Thursday, 29 November 2012


I hate this time of the year! The days are short and the weather is cold and wet. I don’t get to go boating and so have very little to blog about, unlike the summer when the days are longer and dryer and I do a lot of boating but don’t have time to blog.  I am particularly down at the moment as I can’t shake off this damn cough and thick head/nose I have had for the last couple of months, in fact since I finished off the boating season so to speak. Everybody suddenly becomes a pharmacist at times like this giving free expert advice to try this cough mixture or that linctus, all to no avail.  I am a firm believer in the non-use of medications or visits to the doctors unless absolutely necessary.  Dawn goes mad at me when I complain of a toothache or headache and she says “take some pain killers” but I don’t stating “your body will cure it itself”  This has me thinking about the remedies that were used when I was a child in the 1950’s by parents and grandparents.  I have listed some of them I can remember just for your amusement perhaps. (I am not recommending any of them so if you’re daft enough to try them be it on your own head.)
1. If you banged your head and a bump appeared (known as a Coco) while out playing, my mother would rub the bump with a knob of butter.

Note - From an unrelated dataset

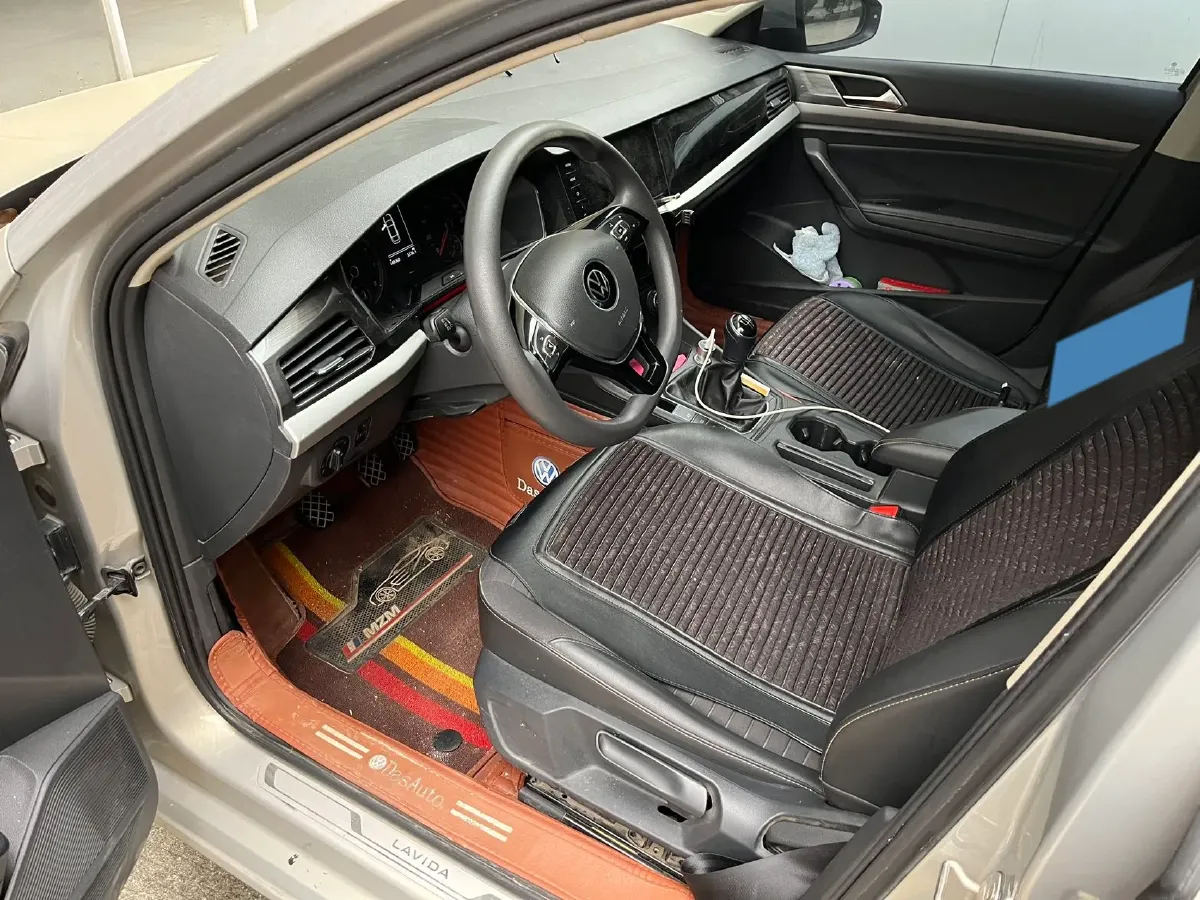 2021 Volkswagen Sagitar 1.2T 116HP L4 5MT,autocango,china used car exporter,china ev exporter,chinese used car exporter,chinese used ev exporter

2. If you got a bee sting, she would dab it with vinegar.
3. If you got a wasp sting however, it would be rubbed with either butter or half a fresh cut onion.                                                                            NO WONDER US KIDS ALL SMELT IN THE 1950’S
4. If you stung yourself with nettles the resulting ‘bumps’ would be rubbed with either dock leaves, if you were outside playing or if you were in the garden they would be rubbed with the ‘dolly blue’ bag used for washing whites.

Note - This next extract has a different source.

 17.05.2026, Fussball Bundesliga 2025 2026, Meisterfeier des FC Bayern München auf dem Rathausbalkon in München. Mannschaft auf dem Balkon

5. Gran’s cure for a sore throat or a cough was a large dollop of Vaseline placed on the back of your tongue with her index finger, then being made to swallow it followed straight away by a table spoon of beetroot vinegar.  I never had a cough when I was young.

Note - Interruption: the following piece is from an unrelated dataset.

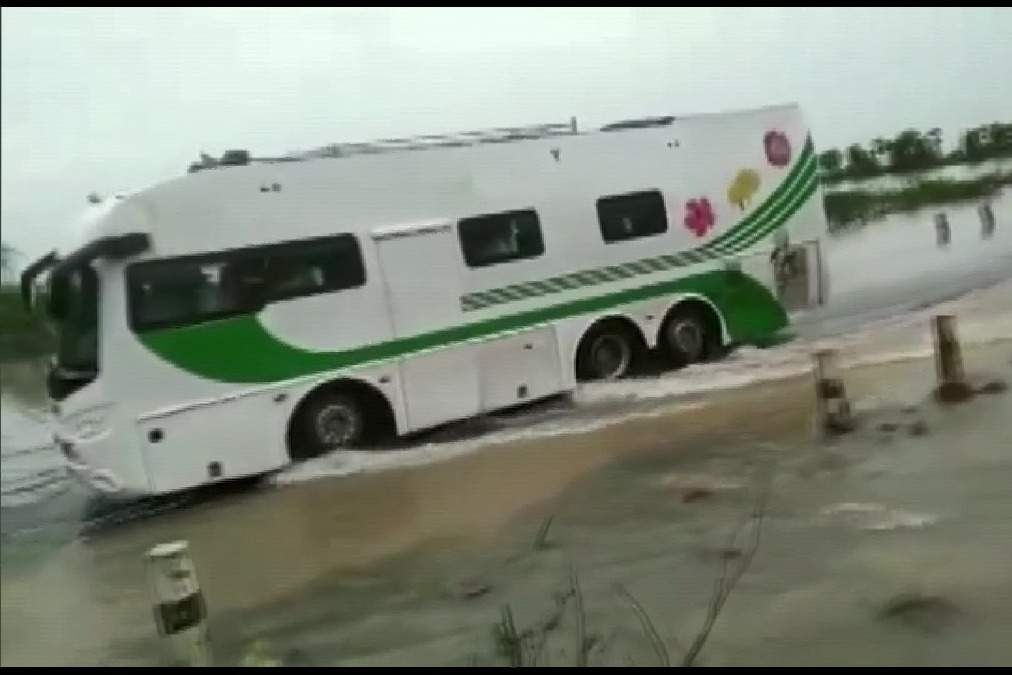 natikonal media focussed on a bus which kcr travelled in flood effected areas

6. Neck boils were cured by applying a bread poultice to draw them. A clean man-size handkerchief would be folded on its diagonal to form a triangle, a piece of bread about 2” square would be placed on the centre and soaked with boiling water then this would be placed, bread side to the skin while as hot as could be stood then the handkerchief tied around the neck and worn until it went cold.  It would then be removed and re-soaked in boiling water and the whole process repeated until the boil came to a head and burst.
7. Another cure for boils, though I've never seen it used, was to fill a clean sterilised milk bottle with boiling water, then tip all the water out and hold the neck of the bottle over the boil, holding it in place while the bottle cools.  As the hot air in the bottle cools and contracts it causes a partial vacuum which sucks the puss out of the boil. I have heard of cases where the bottle was too hot to start with and the suction was so great that the bottle had to be smashed to get it off the neck!
8. If we came down with a cold or flu, you were put to bed with a glass of boiled lemonade with a Beechams powder whisked into it and told to drink it all down as hot as you could stand it.  This would really make you sweat all night and the cold/flu would be gone.
9. For mouth ulcers, a solution would be made by dropping a couple of crystals of Permanganate of potash in a cup of warm water which would be used as a mouth wash and gargle.
10. Ear ache would be cured by putting olive oil in a tea spoon then holding it over a low gas flame to warm it, then it would be poured down your ear while you held your head over.
11. If you complained of sore or tired eyes, they would be bathed with cold tea.
Well that’s it until I think of some other inane dribble to blog so until then,
Don’t bang ‘em about


  1. My mum used to make a home-made cough syrup with onions and honey - similar recipe here

  2. Cheers Ray, I suppose the honey made the onions palatable! Another one I remember for sore throats was 'gleed water' made by taking a burning ember from the fire and dropping it into a glass of water, then drinking the resulting foul smelling water.